In Example 6, Compound HT-3 is doped with 15% Compound 1-28 as p-CGL. As can be seen from the data in Table 1, the energy level difference, doping proportion and lateral conductivity per unit doping of Example 6 all satisfy the limitations of the present application. As can be seen from the data in Table 4, Example 6 also has very excellent overall device performance.

Comparison of Examples 7 to 9 with Comparative Examples 1, 2 and 3

In Examples 7 to 9, Compound HT-11 is doped with 16%, 14% and 12% Compound 2-23 as p-CGL, respectively. As can be seen from the data in Table 1, the energy level difference, doping proportion and lateral conductivity per unit doping of Examples 7 to 9 all satisfy the limitations of the present application.

Compared with Comparative Example 1, the energy level difference of Examples 7 to 9 is smaller and the energy levels are more matched. As can be seen from the data in Table 4, compared with Comparative Example 1, in Examples 7 to 9, the voltage is reduced by more than 0.6 V, the CE is improved by more than 30.6%, the PE is improved by more than 44.1%, and the EQE is improved slightly, exhibiting more excellent overall device performance.

Compared with Comparative Examples 2 and 3, since p-CGL of Examples 7 to 9 has the low lateral conductivity per unit doping, the lateral crosstalk can be significantly inhibited. As can be seen from the data in Table 4, Comparative Example 2 already has very good device performance.

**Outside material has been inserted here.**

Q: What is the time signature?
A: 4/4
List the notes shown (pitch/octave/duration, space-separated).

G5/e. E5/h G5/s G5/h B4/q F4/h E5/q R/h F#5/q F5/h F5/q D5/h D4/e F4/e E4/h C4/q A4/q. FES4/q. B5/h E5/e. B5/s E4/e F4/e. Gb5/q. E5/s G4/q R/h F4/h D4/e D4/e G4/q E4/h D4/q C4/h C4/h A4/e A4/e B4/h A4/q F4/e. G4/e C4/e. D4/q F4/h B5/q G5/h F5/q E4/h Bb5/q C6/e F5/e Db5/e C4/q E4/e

The voltage and EQE of Examples 7 to 9 are basically equivalent to those of Comparative Example 2, the CE is improved by more than 13.8%, the PE is improved by more than 12.7%, exhibiting very excellent overall device performance. Compared with Comparative Example 3, in Examples 7 to 9, the voltage is reduced by more than 1.0 V, the CE is improved by more than 15%, the PE is improved by 34.7%, and the EQE are also maintained at high levels basically equivalent to those of Comparative Example 3, having very excellent overall device performance.

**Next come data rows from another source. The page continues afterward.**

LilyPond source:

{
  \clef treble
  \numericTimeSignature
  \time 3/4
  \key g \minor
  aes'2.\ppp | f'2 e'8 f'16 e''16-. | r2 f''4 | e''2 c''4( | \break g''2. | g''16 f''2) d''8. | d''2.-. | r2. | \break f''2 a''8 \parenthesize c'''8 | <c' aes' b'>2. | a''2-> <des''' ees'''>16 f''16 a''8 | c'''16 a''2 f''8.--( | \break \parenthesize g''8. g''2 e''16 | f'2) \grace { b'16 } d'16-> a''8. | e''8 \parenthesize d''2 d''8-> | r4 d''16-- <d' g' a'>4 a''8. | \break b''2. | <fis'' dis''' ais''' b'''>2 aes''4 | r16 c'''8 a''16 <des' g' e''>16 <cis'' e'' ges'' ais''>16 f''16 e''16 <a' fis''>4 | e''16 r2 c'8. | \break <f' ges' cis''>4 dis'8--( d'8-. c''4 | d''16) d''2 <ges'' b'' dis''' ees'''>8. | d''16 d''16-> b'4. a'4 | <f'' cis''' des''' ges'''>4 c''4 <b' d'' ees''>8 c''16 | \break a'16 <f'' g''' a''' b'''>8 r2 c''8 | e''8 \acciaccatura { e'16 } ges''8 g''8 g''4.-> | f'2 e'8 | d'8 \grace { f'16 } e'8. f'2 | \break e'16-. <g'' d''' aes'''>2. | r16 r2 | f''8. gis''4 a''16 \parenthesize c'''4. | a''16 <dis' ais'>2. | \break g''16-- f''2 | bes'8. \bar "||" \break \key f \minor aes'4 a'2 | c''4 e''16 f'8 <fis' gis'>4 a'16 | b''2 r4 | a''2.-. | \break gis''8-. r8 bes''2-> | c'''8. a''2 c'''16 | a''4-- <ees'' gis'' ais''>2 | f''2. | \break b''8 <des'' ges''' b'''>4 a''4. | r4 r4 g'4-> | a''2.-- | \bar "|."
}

In conclusion, the particular energy level difference, particular high doping proportion and particular low lateral conductivity per unit doping of the two materials in the common p-type charge generation layer all play an important role in the device performance. In the common p-type charge generation layer of the active-matrix OLED display of the present application, the energy levels of the first organic material and the second_organic_material are matched, the carriers in the organic layer are balanced, and the first organic material has a particular high mass doping proportion so that a proper amount of hole injection can be ensured, improving device performance such as voltage and efficiency and having excellent overall performance. Moreover, the low lateral conductivity per unit doping ensures that the lateral migration amount of holes in the common p-type charge generation layer is at a low level, thereby significantly inhibiting the lateral crosstalk between the pixels in the display and having apparent advantages in commercial application.

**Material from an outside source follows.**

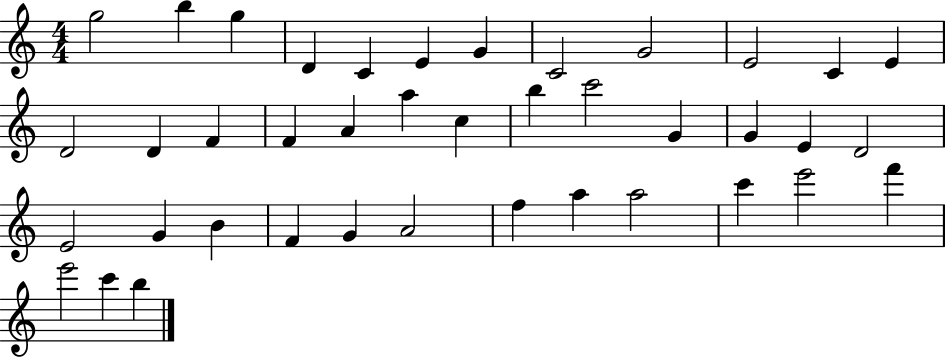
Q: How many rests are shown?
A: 0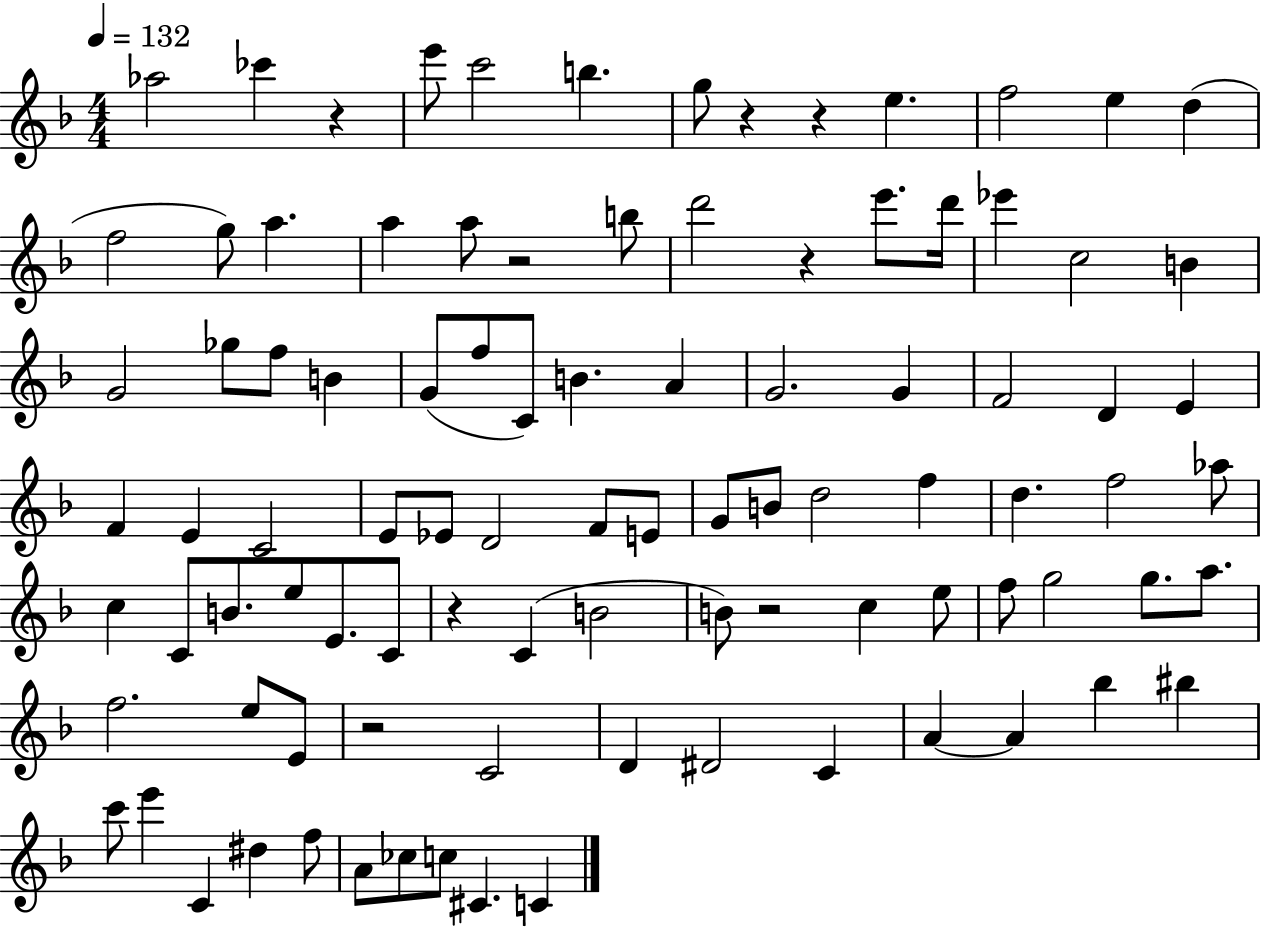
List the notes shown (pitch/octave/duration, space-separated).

It should be understood that various embodiments described herein are merely embodiments and not intended to limit the scope of the present disclosure. Therefore, it is apparent to those skilled in the art that the present disclosure as claimed may include variations of specific embodiments and preferred embodiments described herein. Many of the materials and structures described herein may be replaced with other materials and structures without departing from the spirit of the present disclosure. It should be understood that various theories as to why the present disclosure works are not intended to be limitative.